A principios de los 90, luego de 17 años de dictadura, Chile seguía siendo un país reprimido y opaco, con jóvenes detenidos y golpeados por verse diferentes, bandas extranjeras de heavy metal vetadas por “satánicas” y una elite católica en guardia contra todo atisbo de “crisis moral”. A pesar de que se preveía un destape, una liberación de las costumbres similar a la movida española posfranquista, la vida nocturna en Santiago era escasa y desarticulada. Con Pinochet vivo y tutelando la transición, no había indicios de que eso fuera a cambiar pronto.

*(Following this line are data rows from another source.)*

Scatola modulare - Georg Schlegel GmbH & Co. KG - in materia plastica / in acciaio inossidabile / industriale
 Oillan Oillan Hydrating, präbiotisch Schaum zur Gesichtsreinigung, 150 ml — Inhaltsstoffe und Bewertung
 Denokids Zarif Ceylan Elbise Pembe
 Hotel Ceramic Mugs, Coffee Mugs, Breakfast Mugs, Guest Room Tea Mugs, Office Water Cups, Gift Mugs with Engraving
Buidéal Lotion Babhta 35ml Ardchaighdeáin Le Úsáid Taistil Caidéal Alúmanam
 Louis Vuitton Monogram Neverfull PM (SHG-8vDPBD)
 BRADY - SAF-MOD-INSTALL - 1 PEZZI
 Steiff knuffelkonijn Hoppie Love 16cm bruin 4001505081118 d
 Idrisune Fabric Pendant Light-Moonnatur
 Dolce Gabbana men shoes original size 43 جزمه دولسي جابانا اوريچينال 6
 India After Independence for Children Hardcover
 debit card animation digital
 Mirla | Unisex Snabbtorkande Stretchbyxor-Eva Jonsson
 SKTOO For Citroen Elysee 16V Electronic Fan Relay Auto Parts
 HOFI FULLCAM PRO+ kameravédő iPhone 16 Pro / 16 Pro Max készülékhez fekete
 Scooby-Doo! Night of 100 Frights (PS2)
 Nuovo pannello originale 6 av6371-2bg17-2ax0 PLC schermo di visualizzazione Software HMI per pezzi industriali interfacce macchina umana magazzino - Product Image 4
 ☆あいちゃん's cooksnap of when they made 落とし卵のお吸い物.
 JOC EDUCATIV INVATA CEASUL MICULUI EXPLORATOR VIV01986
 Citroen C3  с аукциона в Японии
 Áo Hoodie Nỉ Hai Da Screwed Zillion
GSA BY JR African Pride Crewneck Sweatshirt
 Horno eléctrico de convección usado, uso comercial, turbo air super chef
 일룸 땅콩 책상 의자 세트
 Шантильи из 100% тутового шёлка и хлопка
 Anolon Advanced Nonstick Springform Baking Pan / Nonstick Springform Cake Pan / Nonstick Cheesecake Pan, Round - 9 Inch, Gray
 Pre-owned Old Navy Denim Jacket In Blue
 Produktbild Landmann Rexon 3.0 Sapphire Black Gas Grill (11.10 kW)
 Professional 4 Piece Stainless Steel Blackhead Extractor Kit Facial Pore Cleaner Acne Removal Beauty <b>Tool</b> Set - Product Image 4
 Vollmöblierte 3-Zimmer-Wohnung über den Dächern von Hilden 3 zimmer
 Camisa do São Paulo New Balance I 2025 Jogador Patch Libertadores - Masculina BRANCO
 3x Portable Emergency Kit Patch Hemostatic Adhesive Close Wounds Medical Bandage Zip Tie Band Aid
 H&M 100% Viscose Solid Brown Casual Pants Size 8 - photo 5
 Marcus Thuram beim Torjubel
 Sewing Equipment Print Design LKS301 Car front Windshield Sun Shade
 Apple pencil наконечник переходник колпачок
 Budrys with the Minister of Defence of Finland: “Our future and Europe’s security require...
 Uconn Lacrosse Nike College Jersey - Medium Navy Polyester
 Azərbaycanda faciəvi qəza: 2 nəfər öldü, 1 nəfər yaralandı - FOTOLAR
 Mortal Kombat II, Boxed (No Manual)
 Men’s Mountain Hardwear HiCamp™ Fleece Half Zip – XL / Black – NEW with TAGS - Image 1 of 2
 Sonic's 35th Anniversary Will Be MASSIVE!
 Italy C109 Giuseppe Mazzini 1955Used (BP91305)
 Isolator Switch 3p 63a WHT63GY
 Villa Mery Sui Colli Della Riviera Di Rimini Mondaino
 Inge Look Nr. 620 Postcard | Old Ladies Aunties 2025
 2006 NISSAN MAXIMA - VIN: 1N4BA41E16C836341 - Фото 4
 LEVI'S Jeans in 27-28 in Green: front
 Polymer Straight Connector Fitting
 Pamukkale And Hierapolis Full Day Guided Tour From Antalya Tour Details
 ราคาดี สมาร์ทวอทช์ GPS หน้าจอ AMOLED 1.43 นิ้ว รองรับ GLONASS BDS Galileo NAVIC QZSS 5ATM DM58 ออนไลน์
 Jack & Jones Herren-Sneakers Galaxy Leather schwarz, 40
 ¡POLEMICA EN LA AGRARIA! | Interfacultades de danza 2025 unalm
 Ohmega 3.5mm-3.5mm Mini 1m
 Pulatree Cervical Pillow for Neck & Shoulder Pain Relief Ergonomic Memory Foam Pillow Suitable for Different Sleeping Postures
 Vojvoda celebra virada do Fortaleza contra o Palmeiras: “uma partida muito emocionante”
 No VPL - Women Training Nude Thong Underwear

Pero en 1993, en Santiago, los caminos de un dueño de toples, un trabajador de la construcción, un tímido joven de provincias y un diyéi recién salido del servicio militar azarosamente se cruzaron en un subsuelo de la Alameda, cerca de Estación Central. Así nació la Blondie, la discoteca que inauguró en Chile un concepto tan simple como efectivo: lo que en verdad importa es lo que tú elijas ser, da lo mismo quién seas o de dónde vengas. El local se llenó de jóvenes vestidos de negro, freaks con sombreros de copa, viudas de funeraria, novias con bototos y lágrimas pintadas de negro. Lejos del glamour elitista del circuito artístico tradicional, la Blondie congregó a gente común que cada fin de semana se vestía rarísimo para escenificar su propio destape personal. Punkies, tecnos, new wave, thrashers, góticos, transformistas. Todos juntos, libres y mezclados en un solo lugar.